Rethink Resource Extraction

Norway’s Resource Extraction

Plundered Nations? Successes and Failures in Natural Resource Extraction

Plundered Nations?: Successes and Failures in Natural Resource Extraction

The Government Pension Fund Global (Norges, the Norwegian sovereign wealth fund), is one of the world’s largest funds initially funded by resource extraction.  Learn about its history, objective and management in the video clip below. The fund is saving for the future generations in Norway; where is the American equivalent?

To achieve broad exposure to global economic growth, Norges invests widely in most markets, countries and currencies outside Norway. The largest geographic exposures are to Europe and North America, followed by developed markets in Asia and Oceania and emerging markets. At the end of 2014, the fund’s holdings related to 75 countries and 47 currencies.

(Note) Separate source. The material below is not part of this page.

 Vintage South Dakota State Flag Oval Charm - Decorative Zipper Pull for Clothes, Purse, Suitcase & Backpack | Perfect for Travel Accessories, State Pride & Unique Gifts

On average, the fund holds 1.3% of listed companies globally, and 2.4% of European companies. Norges also holds bonds in most major developed markets and increasingly in emerging markets. Fixed-income holdings consist of bonds issued by governments, international institutions and companies. The real estate portfolio is in a start-up phase. It consists of both properties and holdings in listed real estate companies. Norway invests funds obtained through resource extraction in a way that will serve society for generations.

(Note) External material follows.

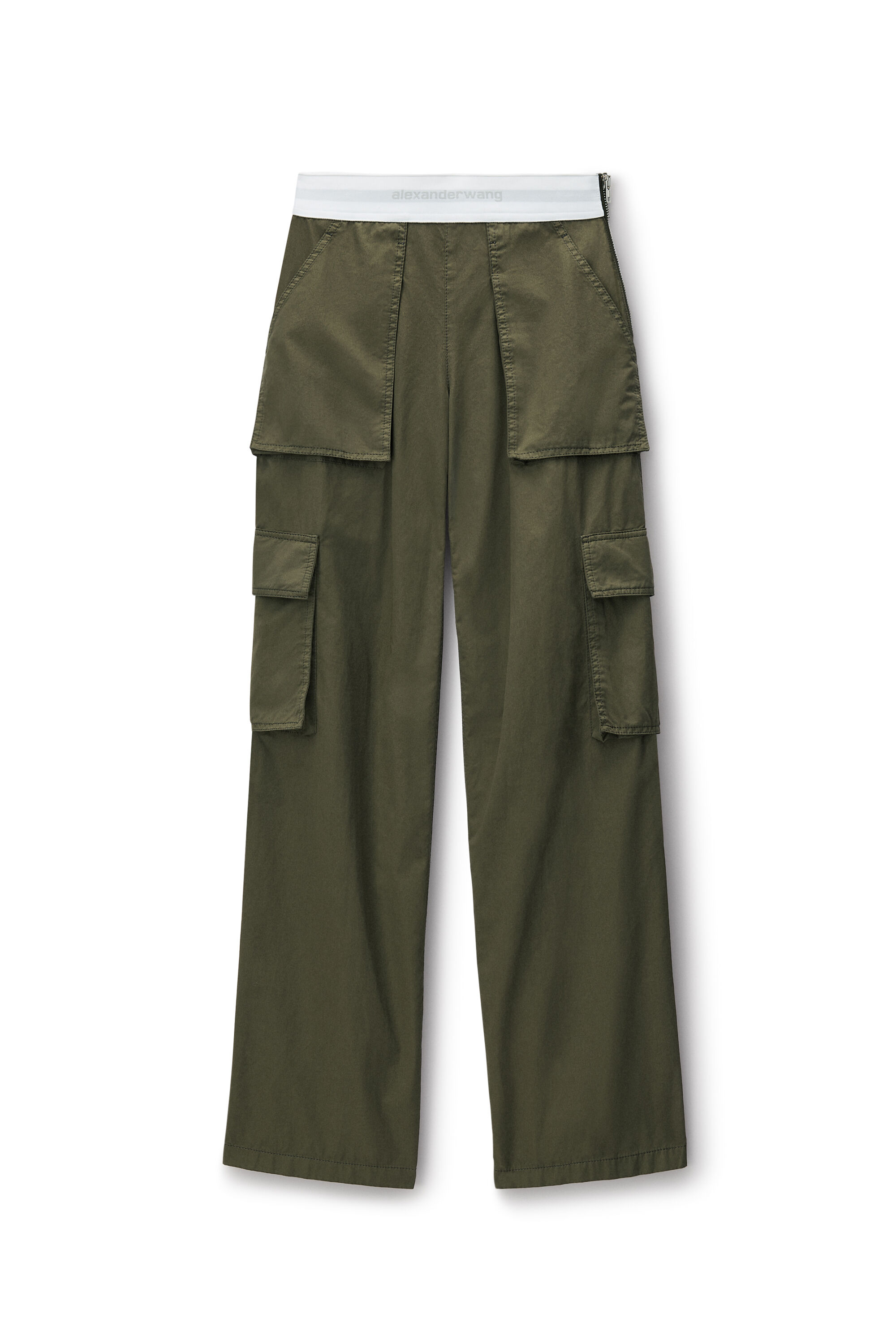 alexanderwang mid-rise cargo rave pants in cotton twill ARMY GREEN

America’s Resource Extraction

Where is the American equivalent? Why doesn’t the United States steward its resources in the same manner? There seems to be little thought in our country of investing our quickly depleting natural resources for future generations.

Contrast Norway’s approach to ours. According to Oil Change International, Fossil Fuel Subsidies, the total value of U.S. subsidies to the fossil fuel industry at $37.5 billion annually, including international finance.  This does not include military, health, climate, or local pollution costs.  These subsidies have increased dramatically as U.S. oil and gas production has increased. 

President Obama has proposed cutting certain subsidies to the oil and coal industries every year since he’s been in office. The projections for savings have varied slightly each year but always hover around $4 billion annually.  Congress has never even agreed to take any such cuts to a vote.

Additional Public Costs of Resource Extraction 

Resource Extraction and Health

2009 report by the National Academy of Sciences claims that burning fossil fuels results in about $120 billion per year in health-related costs.

Resource Extraction and Infrastructure spending

The United States is already committed to spending at least $1.6 trillion additional dollars per year in maintenance, new vehicles and fuel. We built our power transmission lines on the assumption of large, remote power plants. We build our houses and industries on the assumption of cheap electricity; those practices, codes and regulations are still embedded in our construction and manufacturing sectors. We built our power transmission lines on the assumption of large, remote power plants.

Costs from Climate Change

The costs of accelerating climate change are staggering and certainly greater than the costs of ending our dependence on fossil fuels.

Resource Extraction and Military Expenditures

The U.S. spends $10.5 to $500 billion annually to defend overseas oil interests. While exact estimates of oil-related military spending vary, it is clear that oil is an important driver of U.S. military force in the Persian Gulf. Taxpayers are paying a huge unaccounted-for price for oil imports, not to mention the political destabilization and lives lost due to military force in the region – casualties of the insatiable U.S. thirst for oil.

Overall costs borne by taxpayers related to the military, climate, local environmental, and health impacts of the fossil fuel industry are credibly estimated between $360 billion and $1 trillion each year – in the United states alone. You can find more information on these additional costs in Oil Change International’s latest fossil fuel subsidies report.

Whatever the numbers, it seems ludicrous that any of our tax dollars would support such established and profitable industries. These energy subsidies are completely out of step with a nation that now broadly accepts the need to end our collective oil addiction and fight global warming. 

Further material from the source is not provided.